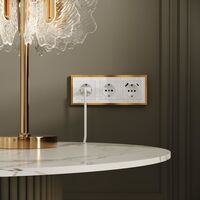 Рамка на 3 поста (белый/золотистая латунь, Baguette) / W0032853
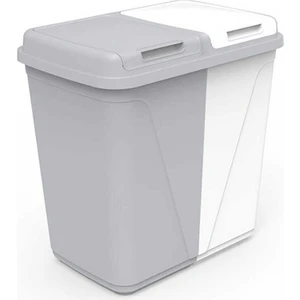 Çift Gözlü Çamaşır Sepeti Plastik 60 Litre Gri-Beyaz Renkli ve Beyaz Çamaşırlar İçin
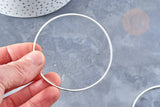 Bracelet jonc laiton Plaqué argent 925 | 70mm, x1 (G8351)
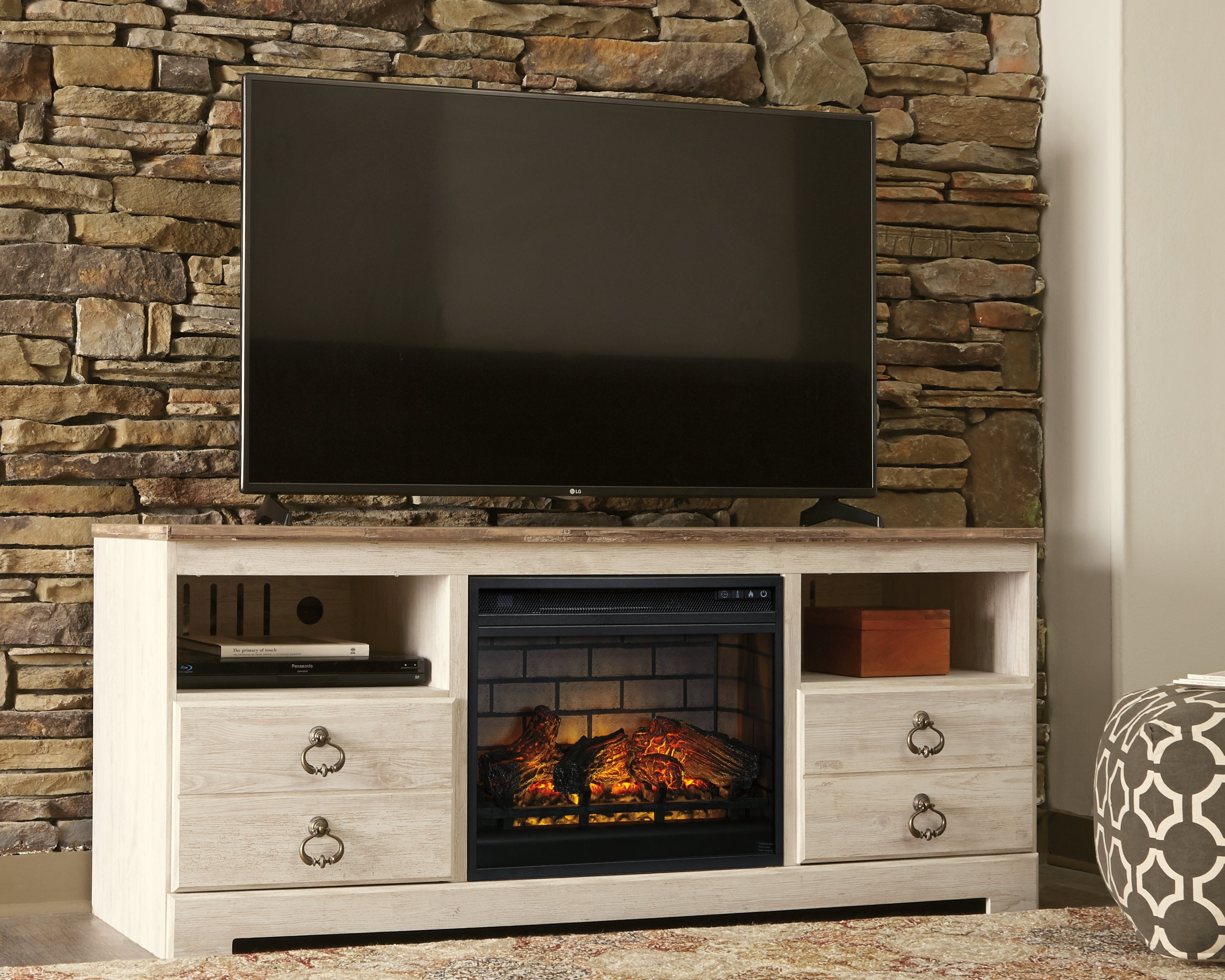 Family Deals Furniture - Ashley Furniture - Willowton 64" TV Stand with Electric Fireplace - 64" TV Stand with Electric Fireplace / Whitewash - W267W8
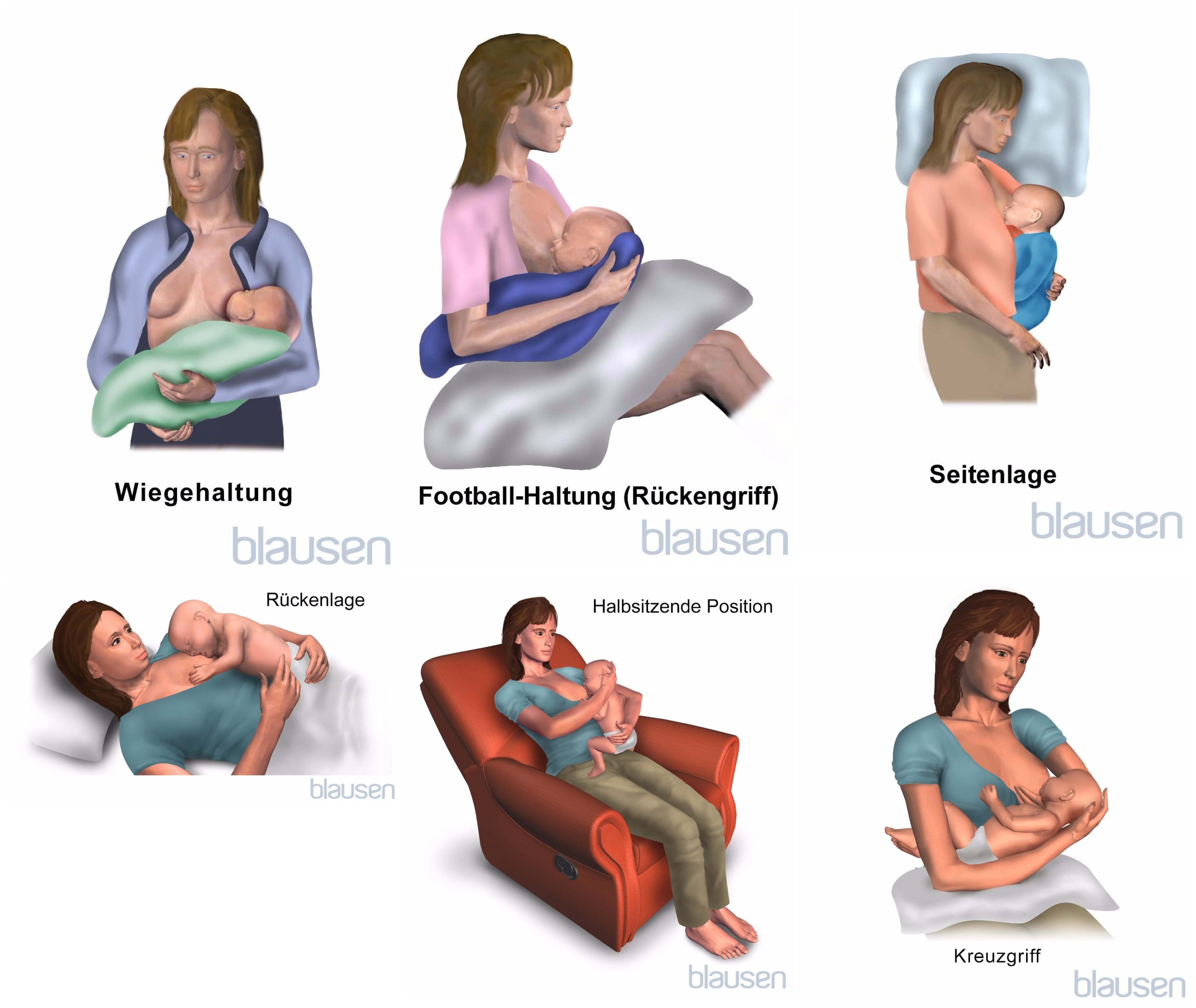 Einige weitere zum Stillen geeignete Positionen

_ _ _

• **Task description**
Give every record again without changing a word. Exclude the pictures.

• **Written response**
 Рамка на 3 поста (белый/золотистая латунь, Baguette) / W0032853
 Çift Gözlü Çamaşır Sepeti Plastik 60 Litre Gri-Beyaz Renkli ve Beyaz Çamaşırlar İçin
 Bracelet jonc laiton Plaqué argent 925 | 70mm, x1 (G8351)
 Family Deals Furniture - Ashley Furniture - Willowton 64" TV Stand with Electric Fireplace - 64" TV Stand with Electric Fireplace / Whitewash - W267W8
 Einige weitere zum Stillen geeignete Positionen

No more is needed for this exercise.